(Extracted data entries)
Start of Block
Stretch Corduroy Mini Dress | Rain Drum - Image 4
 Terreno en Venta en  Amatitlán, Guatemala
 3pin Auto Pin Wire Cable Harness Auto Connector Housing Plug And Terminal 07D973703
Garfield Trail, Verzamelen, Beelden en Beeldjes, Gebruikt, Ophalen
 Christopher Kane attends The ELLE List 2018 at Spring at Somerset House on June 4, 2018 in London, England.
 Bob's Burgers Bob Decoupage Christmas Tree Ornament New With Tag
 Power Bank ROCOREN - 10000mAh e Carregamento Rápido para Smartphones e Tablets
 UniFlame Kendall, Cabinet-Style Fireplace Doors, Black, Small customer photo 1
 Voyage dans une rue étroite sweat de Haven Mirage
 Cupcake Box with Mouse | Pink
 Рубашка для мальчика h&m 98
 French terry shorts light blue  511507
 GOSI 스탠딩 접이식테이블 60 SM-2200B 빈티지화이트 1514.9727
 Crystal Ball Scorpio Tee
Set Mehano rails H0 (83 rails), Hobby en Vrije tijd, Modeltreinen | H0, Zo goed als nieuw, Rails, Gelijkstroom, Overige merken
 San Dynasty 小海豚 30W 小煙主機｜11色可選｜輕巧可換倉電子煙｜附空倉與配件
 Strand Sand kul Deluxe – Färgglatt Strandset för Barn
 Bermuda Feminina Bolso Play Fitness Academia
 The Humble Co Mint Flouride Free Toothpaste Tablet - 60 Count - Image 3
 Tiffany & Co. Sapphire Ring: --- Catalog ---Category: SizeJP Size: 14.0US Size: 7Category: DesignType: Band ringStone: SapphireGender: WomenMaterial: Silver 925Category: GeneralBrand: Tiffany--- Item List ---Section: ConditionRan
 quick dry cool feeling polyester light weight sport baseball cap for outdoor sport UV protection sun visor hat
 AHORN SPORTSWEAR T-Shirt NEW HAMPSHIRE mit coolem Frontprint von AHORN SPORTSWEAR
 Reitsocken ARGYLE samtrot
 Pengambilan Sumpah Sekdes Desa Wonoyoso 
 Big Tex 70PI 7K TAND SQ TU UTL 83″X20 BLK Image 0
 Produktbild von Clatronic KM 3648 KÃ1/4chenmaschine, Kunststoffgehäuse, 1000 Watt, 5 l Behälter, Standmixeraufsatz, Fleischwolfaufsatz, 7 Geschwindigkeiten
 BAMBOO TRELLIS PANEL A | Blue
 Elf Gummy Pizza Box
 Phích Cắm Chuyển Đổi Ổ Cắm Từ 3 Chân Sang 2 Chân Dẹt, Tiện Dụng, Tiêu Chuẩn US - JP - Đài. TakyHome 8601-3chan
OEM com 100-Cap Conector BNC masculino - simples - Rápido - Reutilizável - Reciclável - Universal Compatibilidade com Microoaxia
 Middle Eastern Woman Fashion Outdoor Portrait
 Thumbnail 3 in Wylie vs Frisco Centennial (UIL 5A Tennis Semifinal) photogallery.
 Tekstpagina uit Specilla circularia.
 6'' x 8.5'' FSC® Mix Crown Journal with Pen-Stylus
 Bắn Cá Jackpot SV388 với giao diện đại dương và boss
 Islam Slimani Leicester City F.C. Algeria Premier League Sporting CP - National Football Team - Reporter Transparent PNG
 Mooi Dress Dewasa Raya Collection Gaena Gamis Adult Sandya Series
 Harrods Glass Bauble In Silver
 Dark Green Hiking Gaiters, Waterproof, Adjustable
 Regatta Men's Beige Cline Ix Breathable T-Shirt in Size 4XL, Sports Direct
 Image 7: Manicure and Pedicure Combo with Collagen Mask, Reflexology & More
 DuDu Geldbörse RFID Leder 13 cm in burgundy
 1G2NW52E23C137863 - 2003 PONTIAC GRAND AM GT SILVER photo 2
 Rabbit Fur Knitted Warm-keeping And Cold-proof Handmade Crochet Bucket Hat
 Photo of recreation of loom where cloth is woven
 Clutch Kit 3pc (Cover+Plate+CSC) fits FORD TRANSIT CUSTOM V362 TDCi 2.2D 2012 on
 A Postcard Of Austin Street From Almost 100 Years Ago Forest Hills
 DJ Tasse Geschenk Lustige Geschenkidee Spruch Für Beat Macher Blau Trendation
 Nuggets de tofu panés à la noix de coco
End of Block
Copy each line of the data that contains the word "Image", leaving the other lines out.

Solved problem:
Stretch Corduroy Mini Dress | Rain Drum - Image 4
 The Humble Co Mint Flouride Free Toothpaste Tablet - 60 Count - Image 3
 Big Tex 70PI 7K TAND SQ TU UTL 83″X20 BLK Image 0
 Image 7: Manicure and Pedicure Combo with Collagen Mask, Reflexology & More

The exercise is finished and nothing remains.